At street level, going by what happened in Shubra, these tactics are having some success and the return of the police is generally welcomed. Abu Hatem says that the police are chastened and no longer plant drugs on suspects as they used to. He says one reason the police fled so fast during the revolution was that "the lower ranking police officers were afraid to appear in the streets because they believed people they had falsely accused might kill them".

In the longer term, it may prove impossible for the army and police to restore the monopoly of power they enjoyed under the old regime. Egyptians retain a strong sense of hierarchy but power is fragmenting and the state is no longer absolute. The Interior Ministry in Cairo used to vet the promotion of everybody from judges to journalists. Even favourable mentions of the army in the press had to receive official permission.
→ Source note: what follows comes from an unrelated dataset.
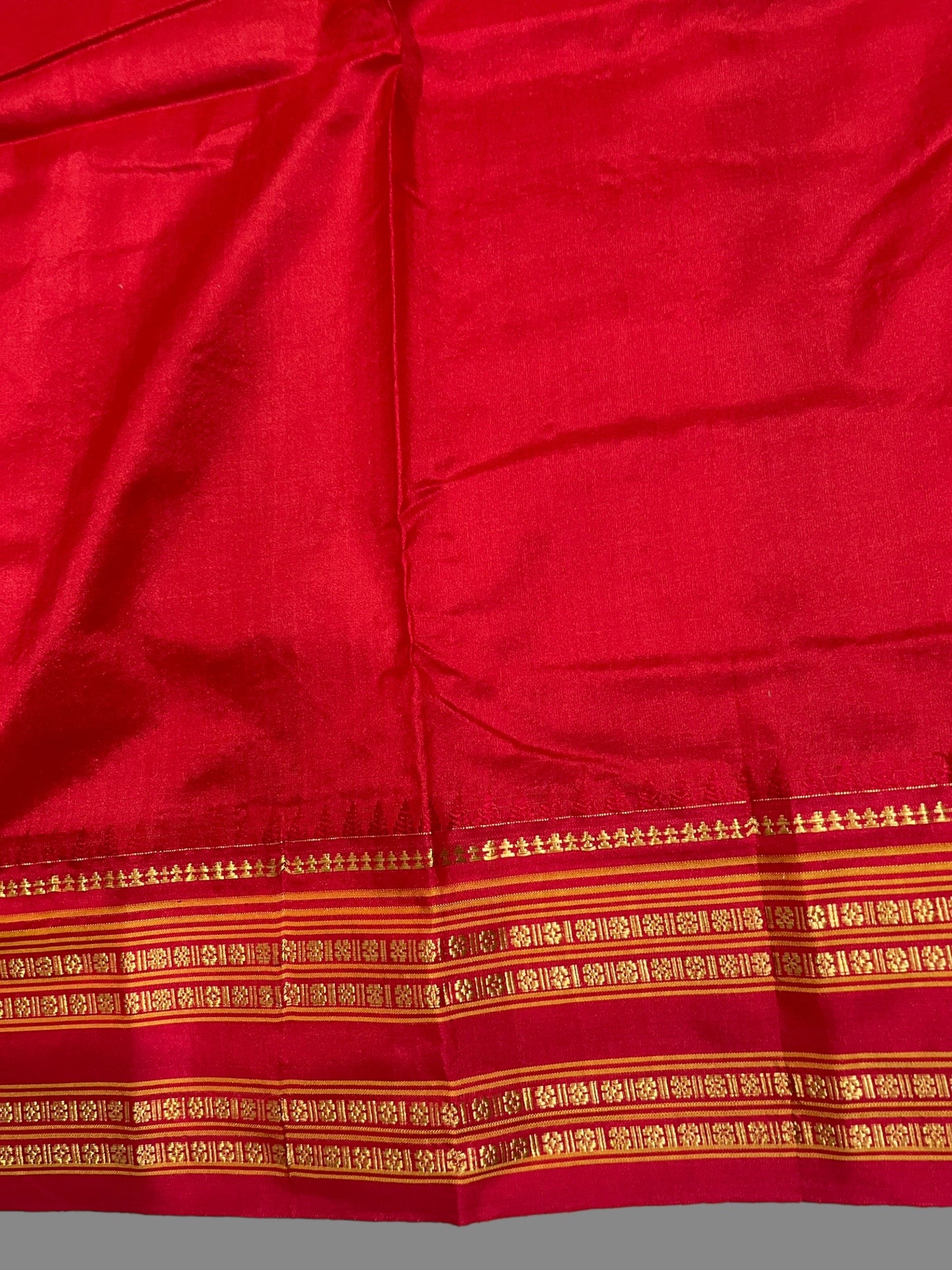 Narayanpet Checks Dark Blue Pure Silk  Sarees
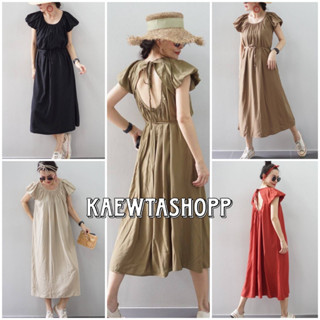 (ใส่โค้ด "NEG6I" ลด 40.-) เดรสยาว เว้าหลัง ผ้าCotton ไซส์ใหญ่ kaewtashop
But Cairo today is full of signs that this culture of subjugation is eroding. The street in which stands the enormous Interior Ministry building is sealed off by barbed wire and paramilitary police backed by armoured cars. But at one end of the street former policemen sacked last year were this week demonstrating to get their jobs back and chanting: "Ministry of the Interior, we are your children, we are not thieves." The Maspero building, where much of the state media is based, is ringed by barbed wire and defended by soldiers with machine guns, but this week its ground floor had been taken over by 600 striking engineers demanding higher pay.

The activists who packed Tahrir Square a year ago are dispirited and speak of the triumph of the counter-revolution. They fear that the army, police and intelligence services are re-establishing their authority. But power in post-Mubarak Egypt is divided and may become more so. The Muslim Brotherhood and military, who would like to keep a supervisory role, are engaged in a long-term struggle.
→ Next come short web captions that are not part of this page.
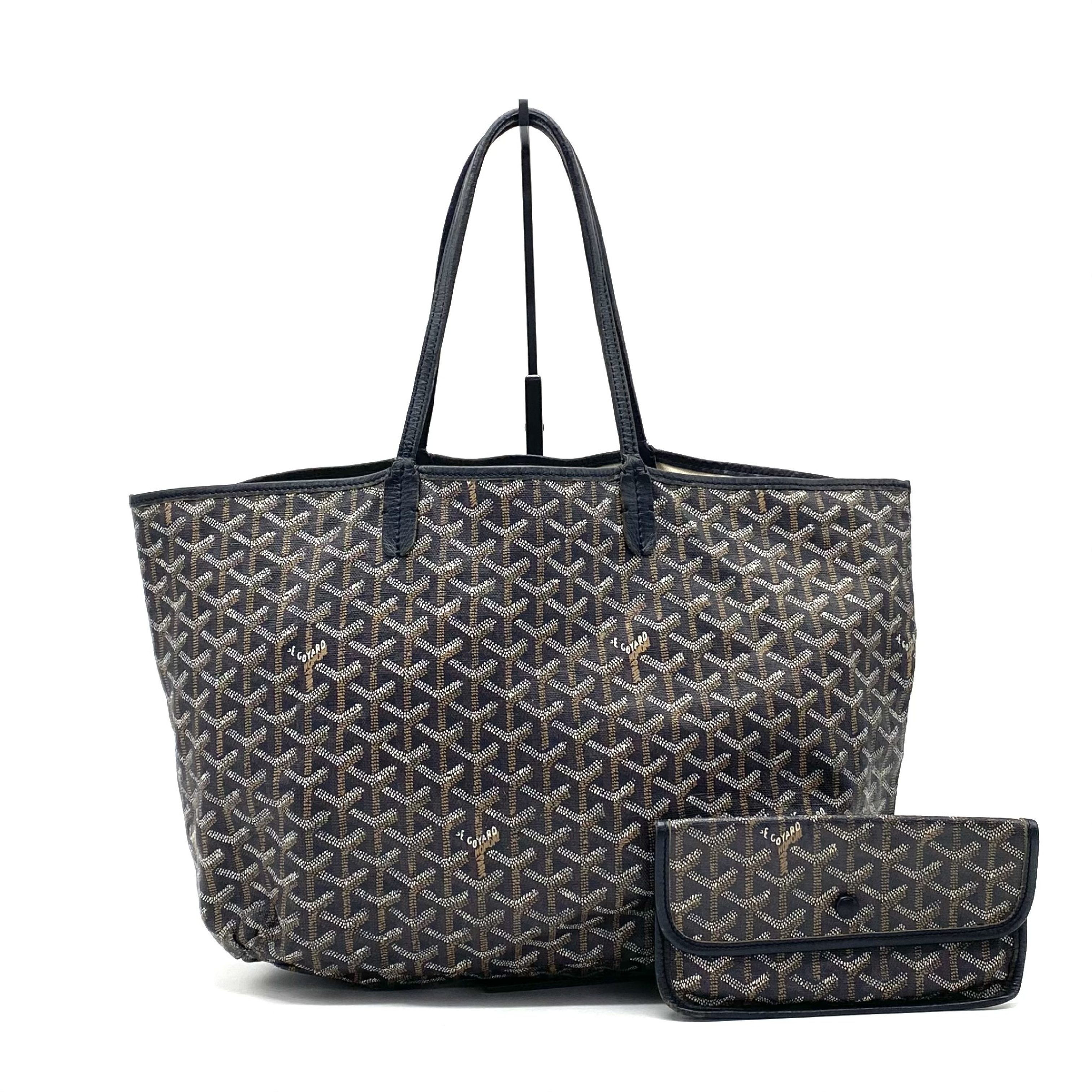 Saint Louis Leather Tote Bag with Pouch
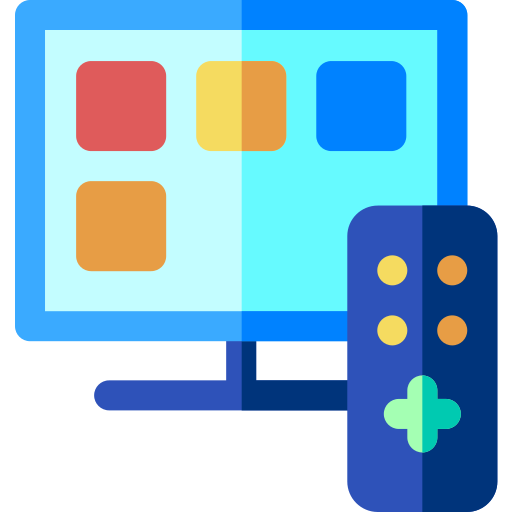 Smart tv Basic Rounded Flat icono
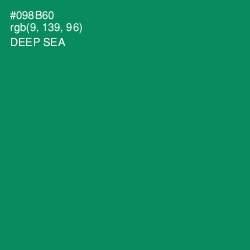 #098B60 - Deep Sea Color Image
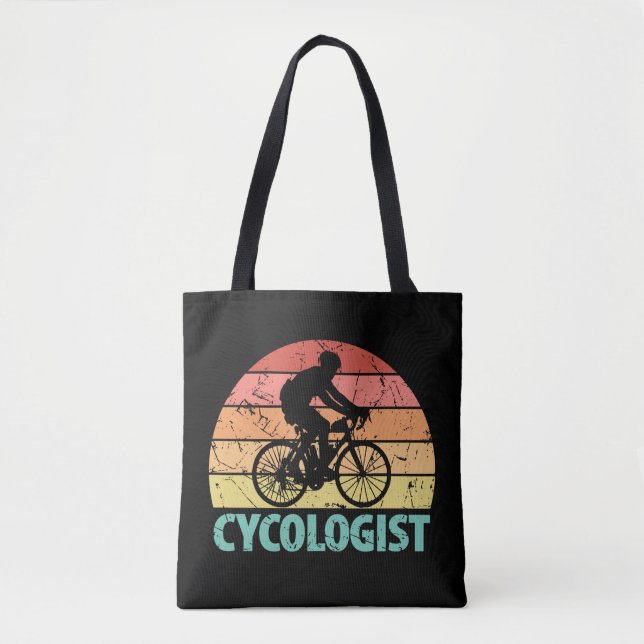 Bolsa Tote Cycologist Funny Cycling (Frente)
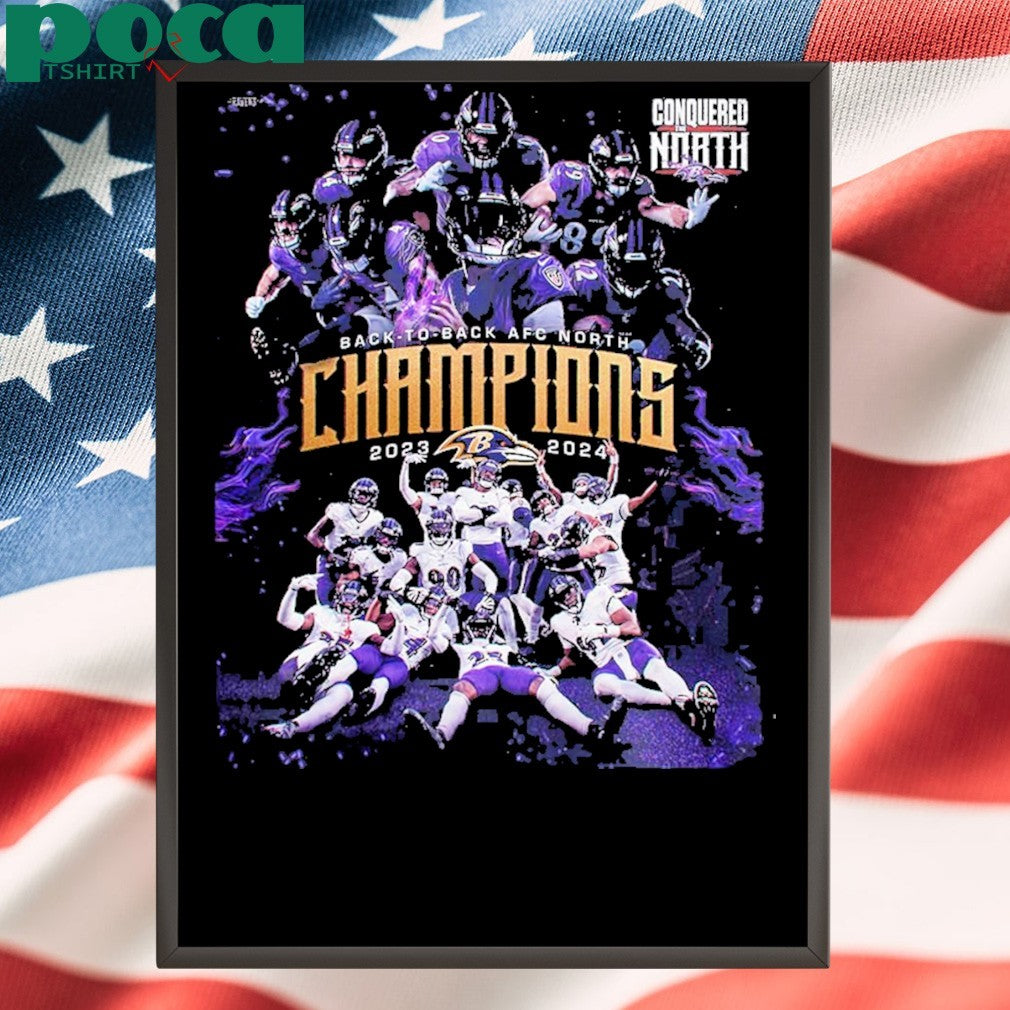 Baltimore Ravens Back To Back 2024 AFC North Division Champions Shirt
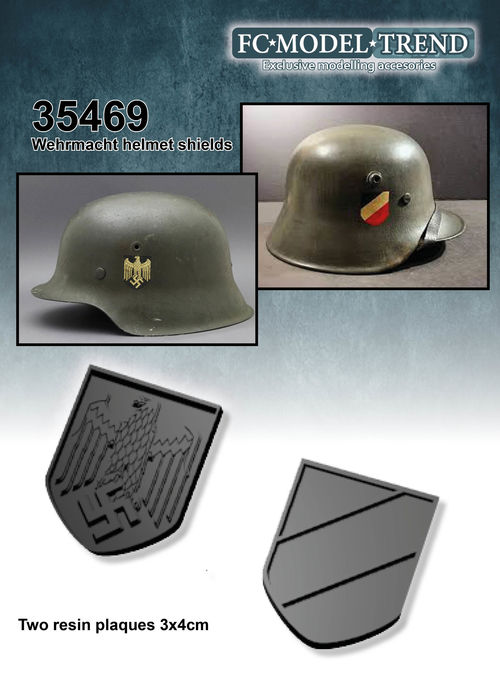 35469 Wehrmacht resin plaques 3x4cm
Everybody wants the revolution to improve their lives. Cairo bus drivers are on strike and have plenty to complain of. At the Moneib bus depot, Khalaf Sadk says: "I've worked on the buses for 16 years and I get 600 Egyptian pounds (£63) a month for working an eight- to 10-hour day." Often he is unable to complete his route because of traffic jams and engine failure on his decrepit bus. Another striker, Khalaf Abdul Kadr, says the Public Transport Authority "has no respect for its employees or their needs".

There is a deep cynicism about the motives and actions of the state among most Egyptians. For instance, there is a foot-and-mouth epidemic among cattle in Egypt, but butchers in Cairo believe that officials are exaggerating its extent because they stand to make money from a rise in the price of chicken and fish. Professor Fahmy says: "I think we are seeing a revolt against the modern Egyptian state system which was always against the welfare of Egyptians."

The political struggle means that none of the centres for power are really in charge or capable of taking important decisions. And this is at a moment when the Egyptian economy is teetering on the edge of crisis. Magda Kandil at the ECES sees the economic prospects as "dismal". She blames the authorities for pursuing populist policies, such as raising wages for state workers and stoking inflation. Central Bank reserves have fallen by more than half "and waves of capital outflow could be of the magnitude of $12bn". The government has been locked in negotiations with the IMF for a $3.2bn loan on which further aid from the Gulf oil states depends.

The Egyptian state machine is vast but dysfunctional at every level. Education and healthcare are inadequate and under-funded. A quarter of Egypt's 85 million people live in shanty towns. One-third of the government's budget is spent on subsidies, mostly for fuel, which benefit the better-off. Cheap gasoline means the streets are choked with traffic. Bottled butane gas used for cooking by the poor is heavily subsidised but subsidies are almost all siphoned off by middle men.

The authority of the Egyptian military and police will ebb unless they stage a coup which appears unlikely. But, even if they are edged out of power, it will take a long time to reconstruct the country they ruined during their 60-year-long rule.